Correspondence to Prof P.W. Serruys, MD, PhD, Thoraxcentre, Bd 406, Erasmus MC, Dr Molewaterplein 40, 3015 GD Rotterdam, The Netherlands. E-mail p.w.j.c.serruys{at}erasmusmc.nl

Received December 10, 2003; revision received November 3, 2004; accepted November 10, 2004.

Background— The clinical impact of late incomplete stent apposition (ISA) for drug-eluting stents is unknown. We sought to prospectively investigate the incidence and extent of ISA after the procedure and at 6-month follow-up of paclitaxel-eluting stents in comparison with bare metal stents (BMS) and survey the clinical significance of ISA over a period of 12 months.

Methods and Results— TAXUS II was a randomized, double-blind study with 536 patients in 2 consecutive cohorts comparing slow-release (SR; 131 patients) and moderate-release (MR; 135 patients) paclitaxel-eluting stents with BMS (270 patients). This intravascular ultrasound (IVUS) substudy included patients who underwent serial IVUS examination after the procedure and at 6 months (BMS, 240 patients; SR, 113; MR, 116). The qualitative and quantitative analyses of ISA were performed by an independent, blinded core laboratory. More than half of the instances of ISA observed after the procedure resolved at 6 months in all groups. No difference in the incidence of late-acquired ISA was observed among the 3 groups (BMS, 5.4%; SR, 8.0%; MR, 9.5%; P=0.306), with a similar ISA volume (BMS, 11.4 mm3; SR, 21.7 mm3; MR, 8.5 mm3; P=0.18).
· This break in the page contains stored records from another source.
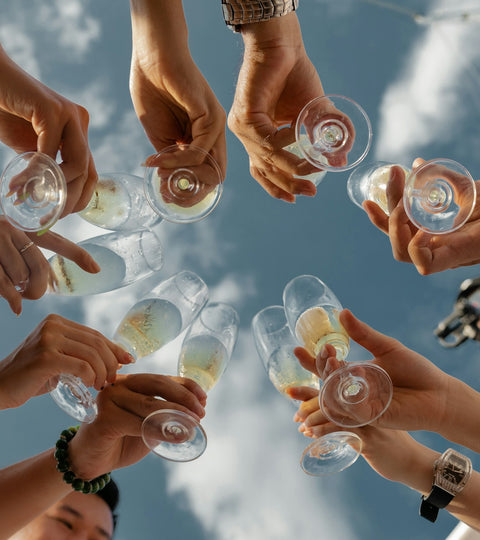 Spaß und Rausch: Die besten Trinkspiele für deine nächste Party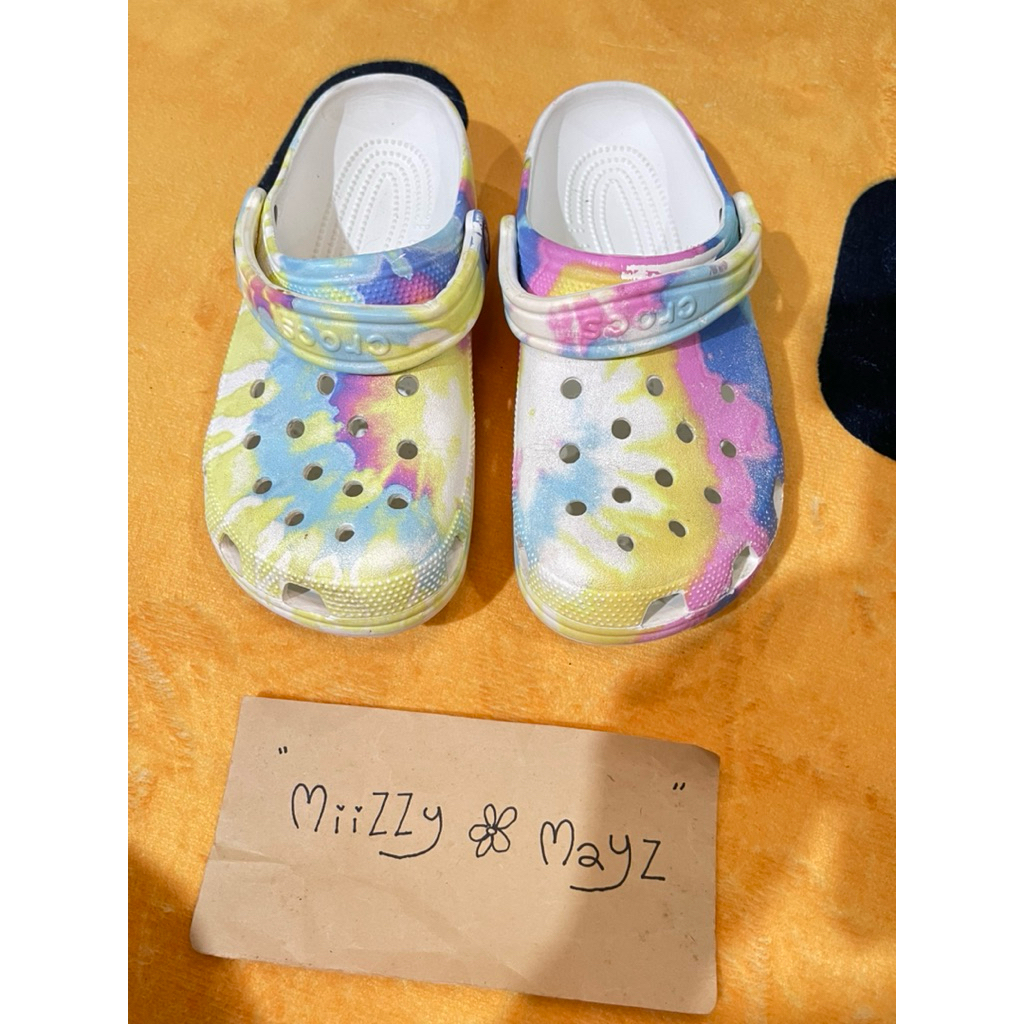 crocs classic สีมัดย้อม m7w9 size 40 ยาว 25.5 cm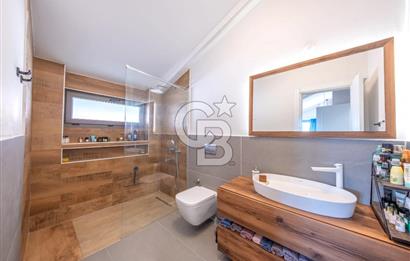 ÇEŞME, GERMİYANDA 5+1 SATILIK VİLLA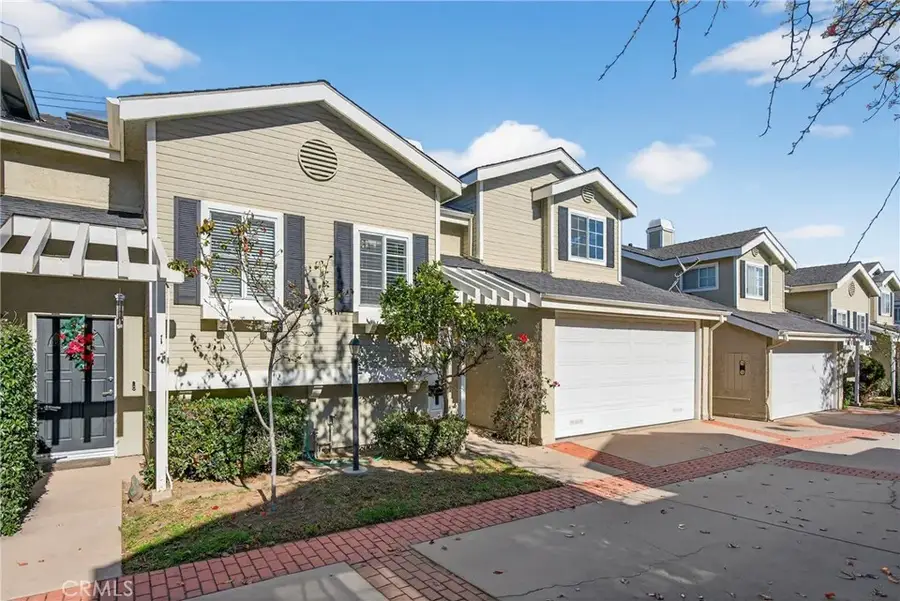 790 Meyer Lane #2, Redondo Beach, CA 90278 - Image #2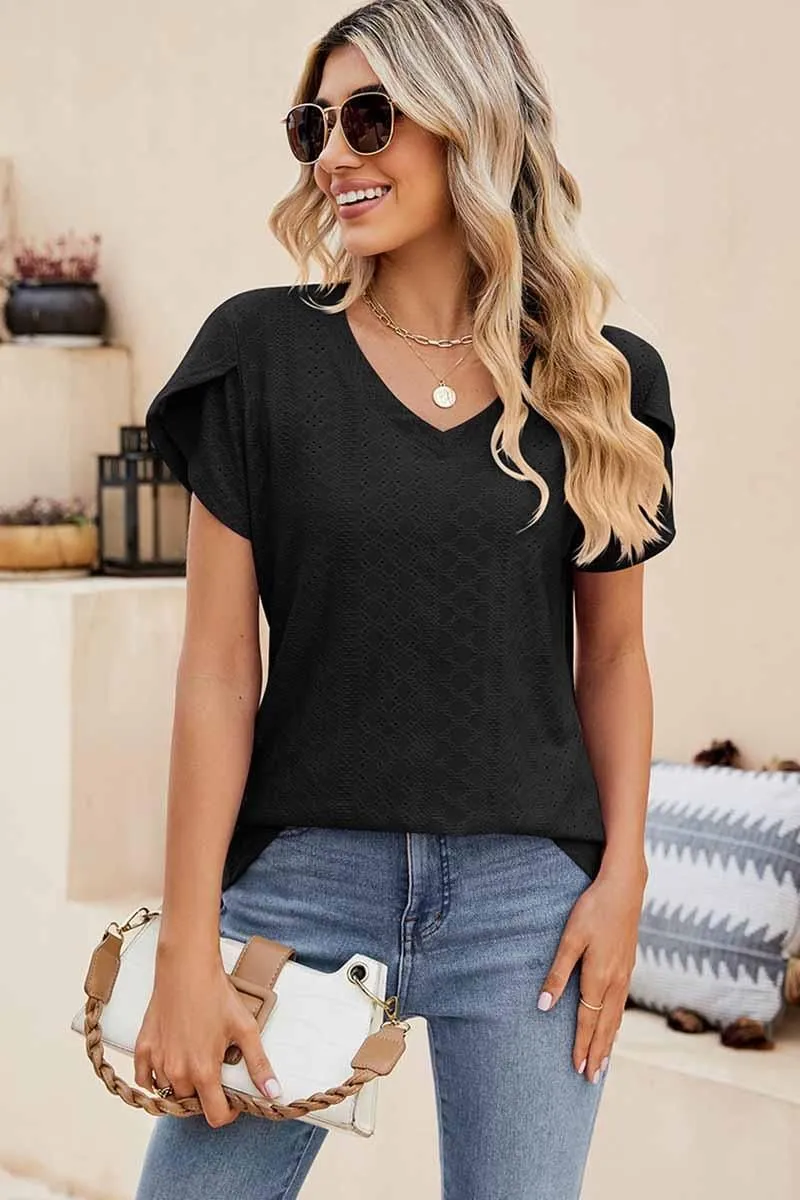 Stylish Layering Classic Fit PUNCHING LACE TULIP PUFF V NECK T-SHIRTS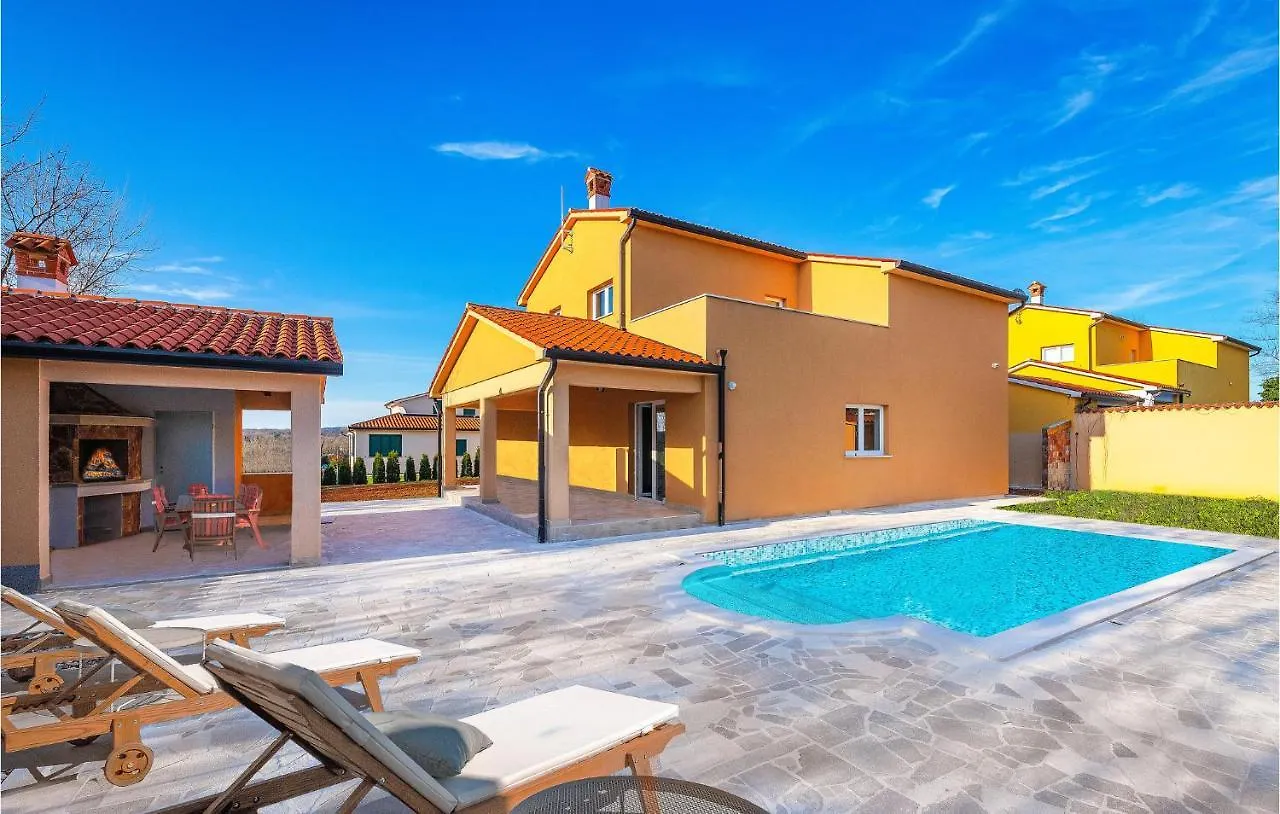 4 Bedroom Nice Home In Topid contacts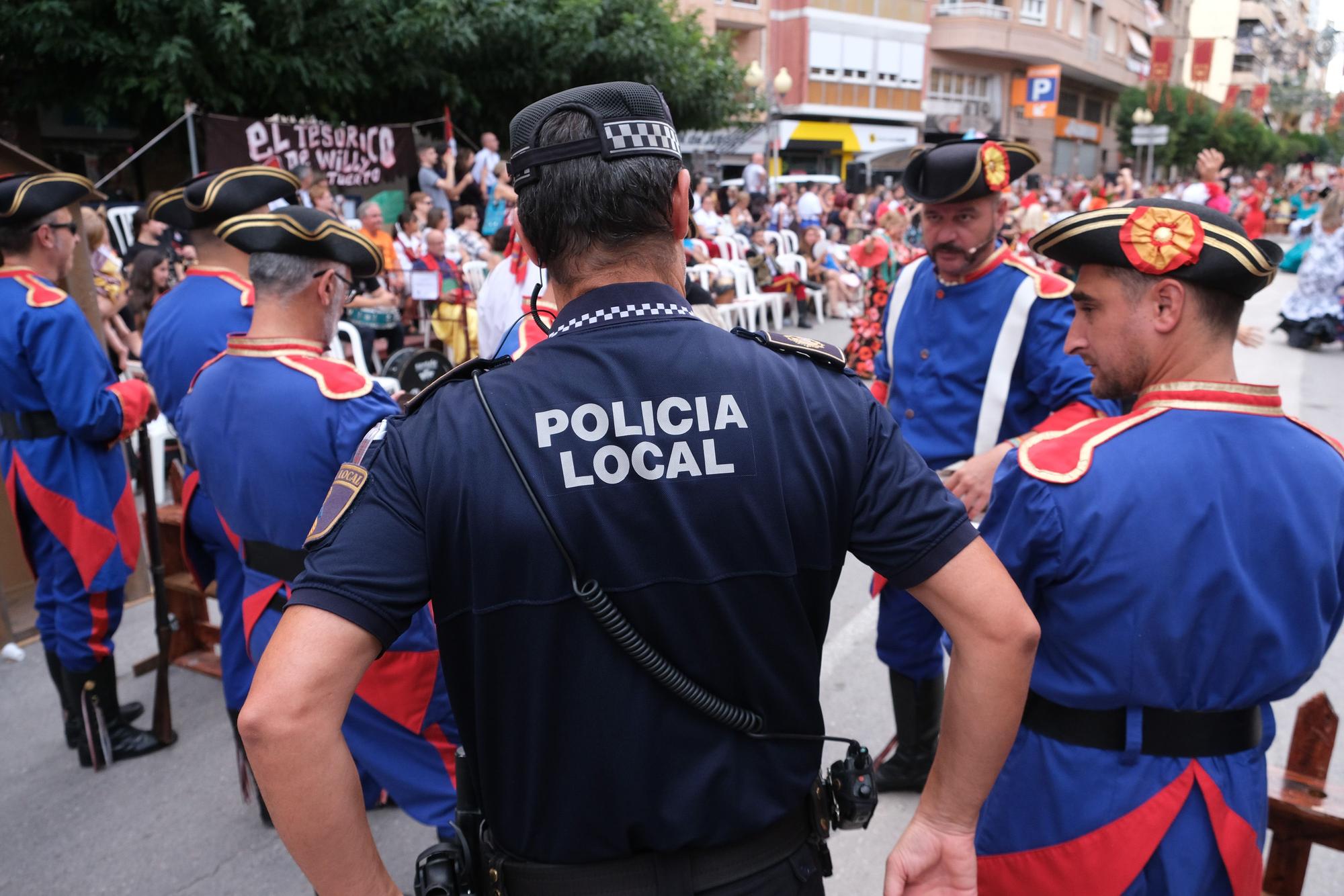 Así ha sido el tradicional Contrabando de la comparsa de Andaluces en los Moros y Cristianos de Villena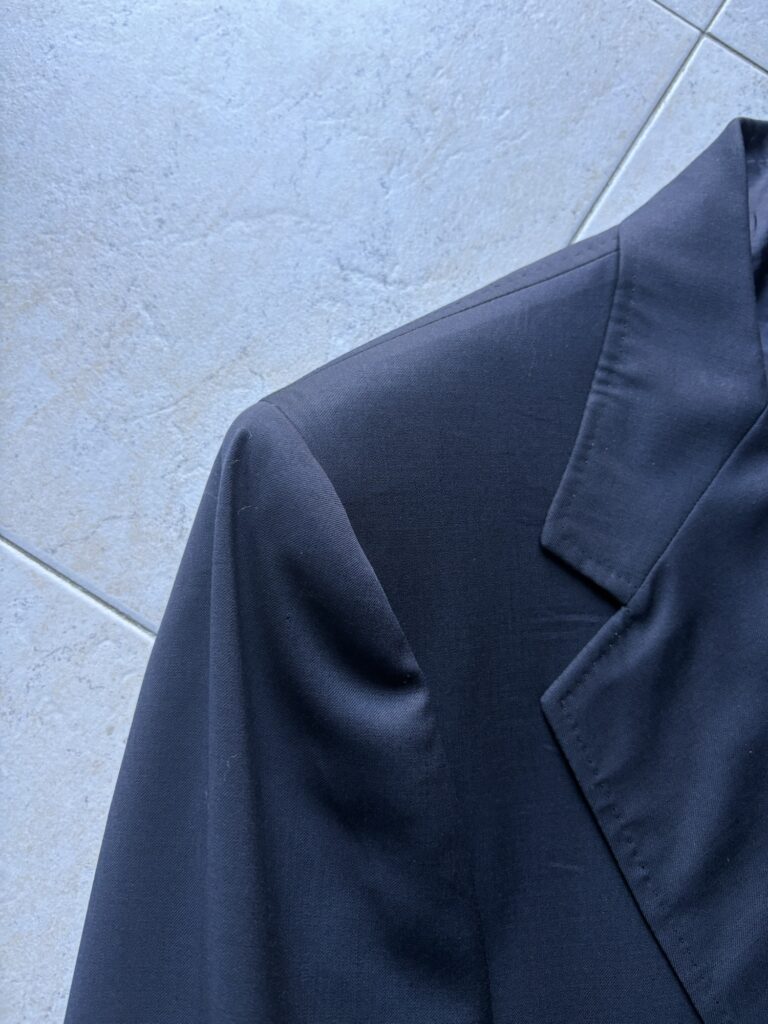 Brioni ネイビーブレザー　肩周り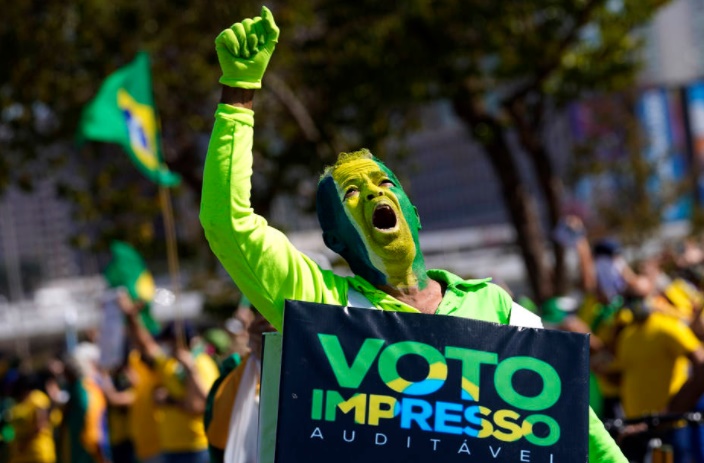 Bolsonarista carrega placa em defesa do voto impresso durante manifestação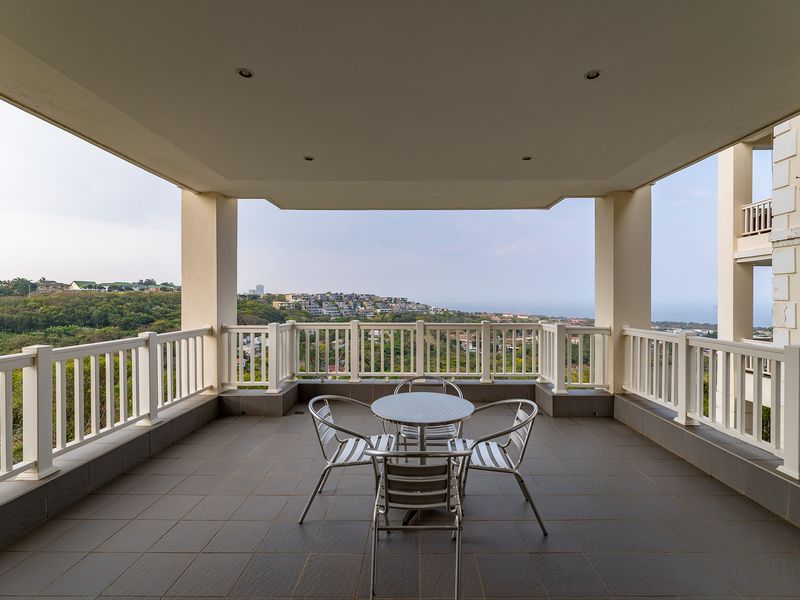 Exquisite Spacious Townhouse for Sale in Ilala Ridge Estate - Photo 10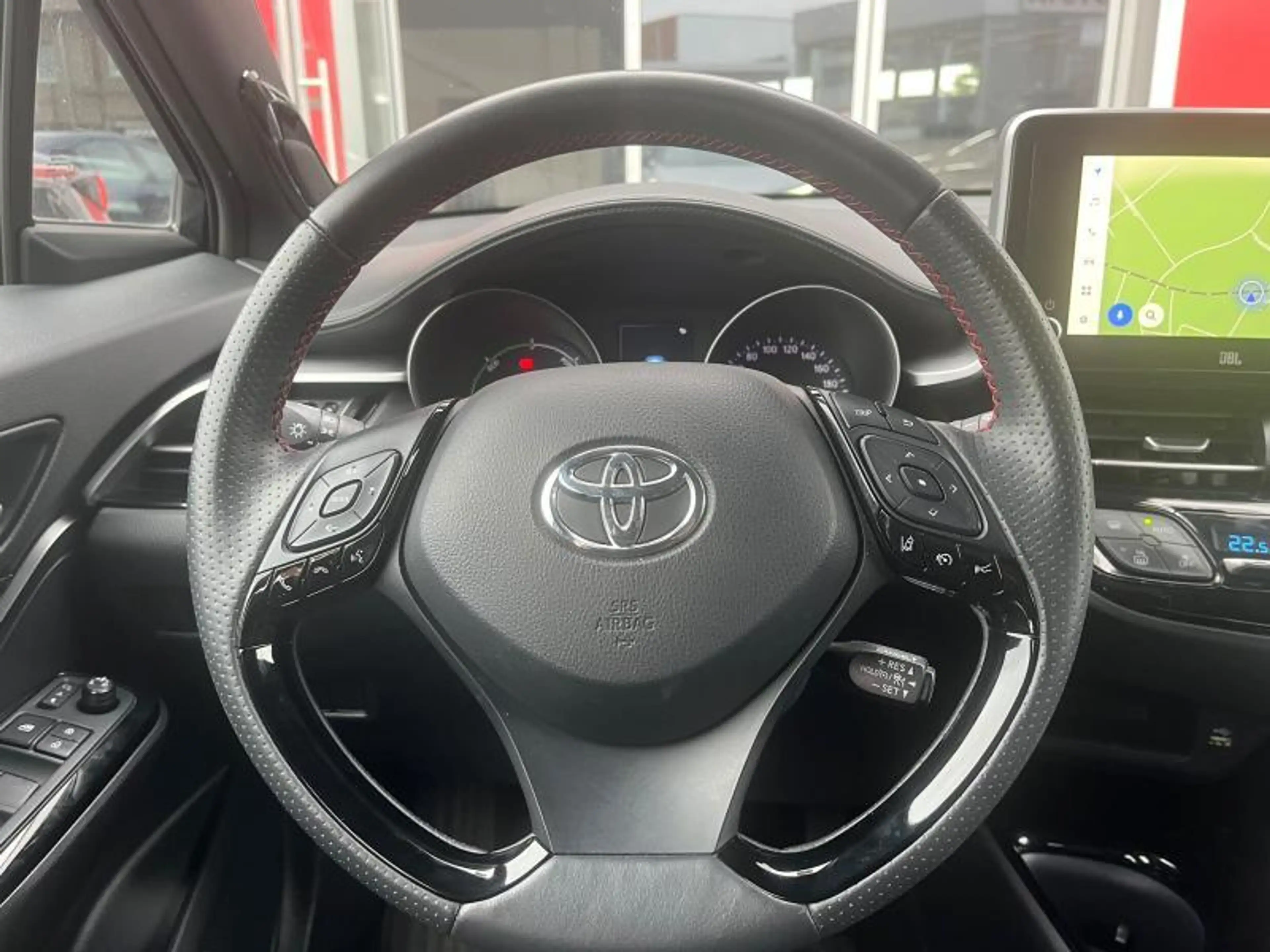 Toyota C-HR GR Sport — photo 9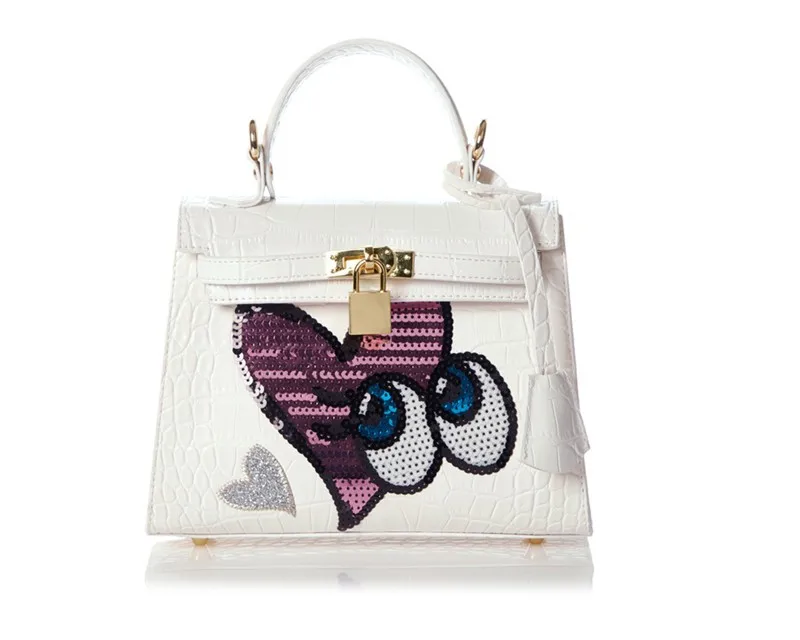 2112259265_1203011947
Late-acquired ISA was the result of an increase of vessel area without change in plaque behind the stent. Predictive factors of late-acquired ISA were lesion length, unstable angina, and absence of diabetes. No stent thrombosis occurred in the patients diagnosed with ISA over a period of 12 months.

Conclusions— The incidence and extent of late-acquired ISA are comparable in paclitaxel-eluting stents and BMS. ISA is a pure IVUS finding without clinical repercussions.